◆ **GOAL OF THE EXERCISE**: An acceptable answer repeats exactly the line containing "Female young small" and all lines that follow it in the listing below, and it includes no pictures.

◆ **DATASET SECTION**:
◇ ◇ ◇

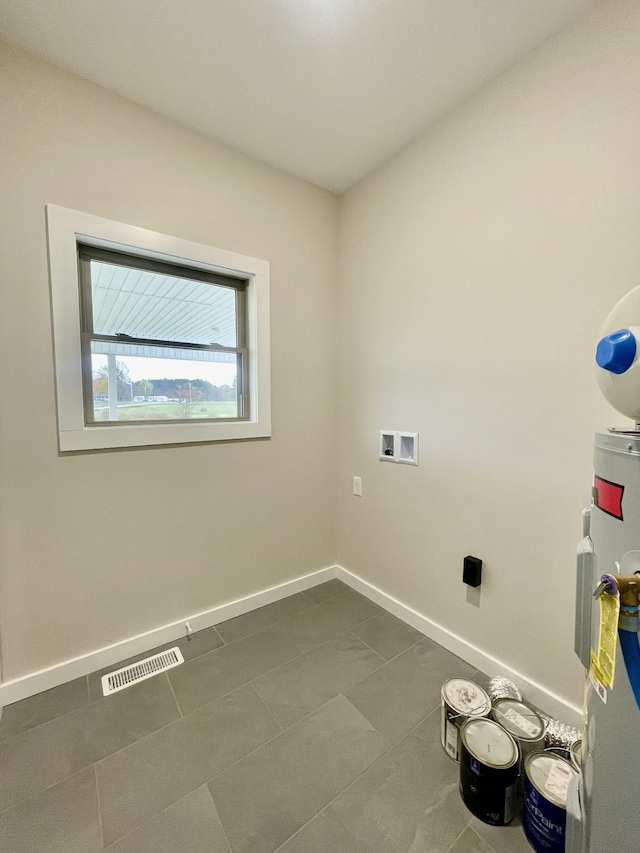 laundry area featuring laundry area, baseboards, visible vents, hookup for a washing machine, and water heater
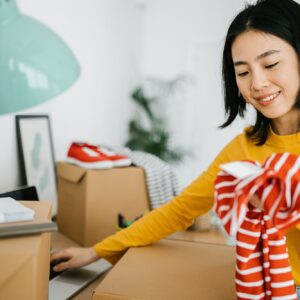 Female young small business owner selling clothes online while working at home.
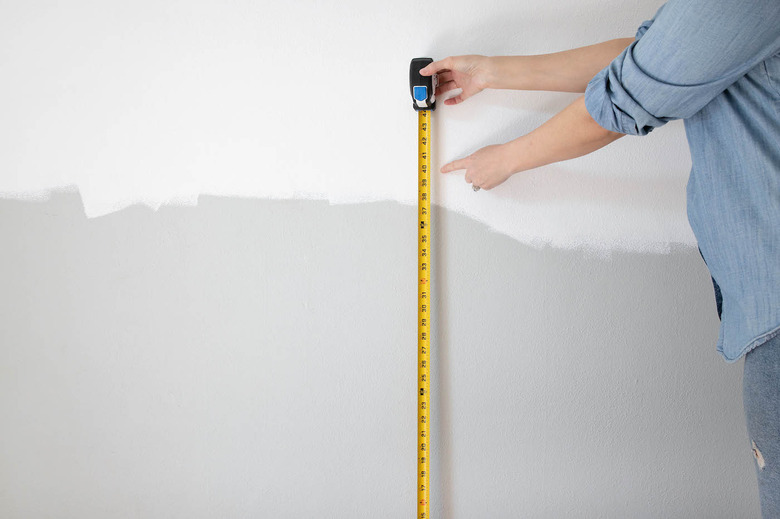 using tape measure on wall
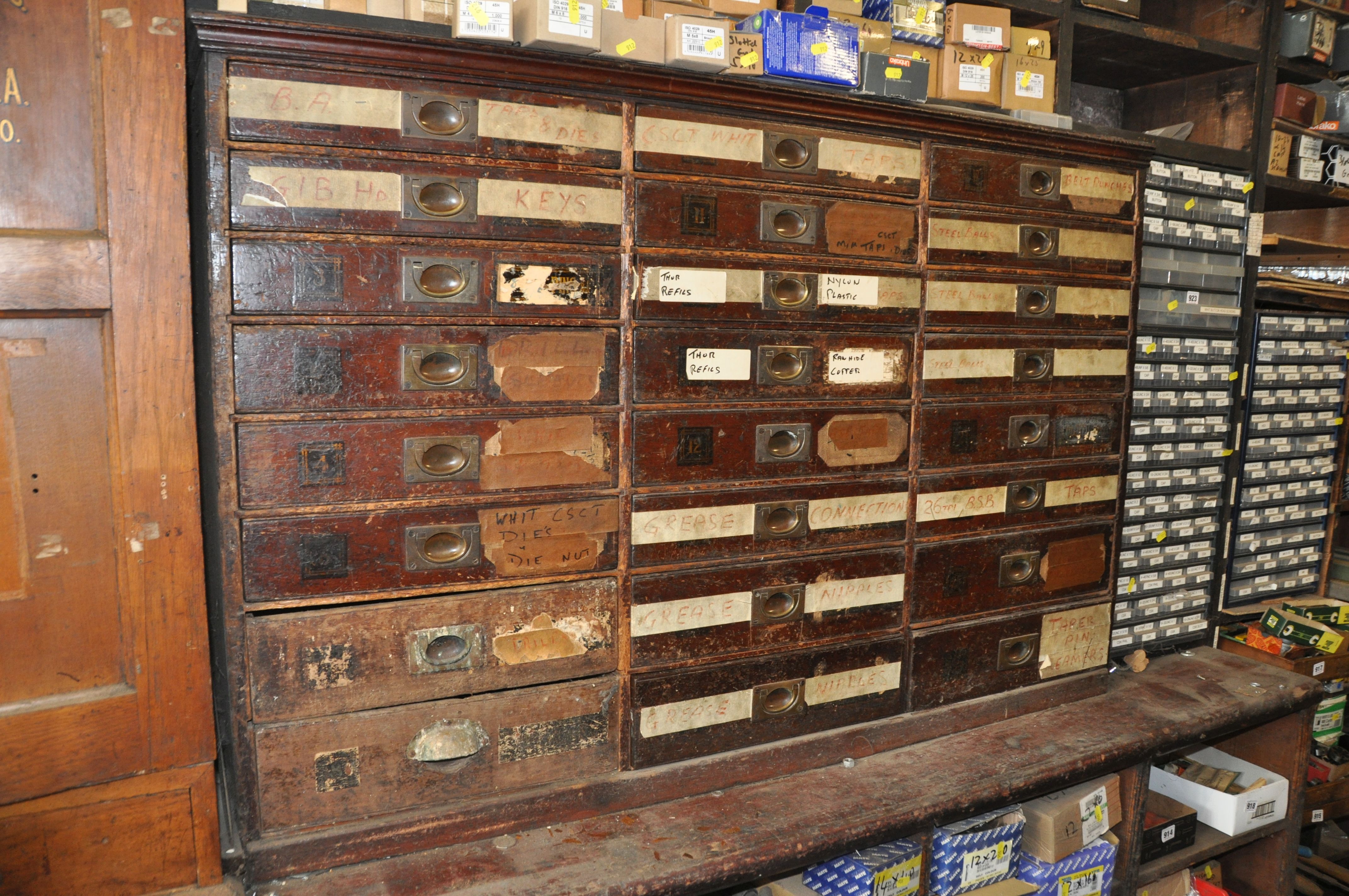 AN EDWARDIAN MAHOGANY HARBERDASHERS CHEST OF TWENTY FOUR DRAWERS with campaign handles to all but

◇ ◇ ◇

◆ **SOLVED EXERCISE**:
 Female young small business owner selling clothes online while working at home.
 using tape measure on wall
 AN EDWARDIAN MAHOGANY HARBERDASHERS CHEST OF TWENTY FOUR DRAWERS with campaign handles to all but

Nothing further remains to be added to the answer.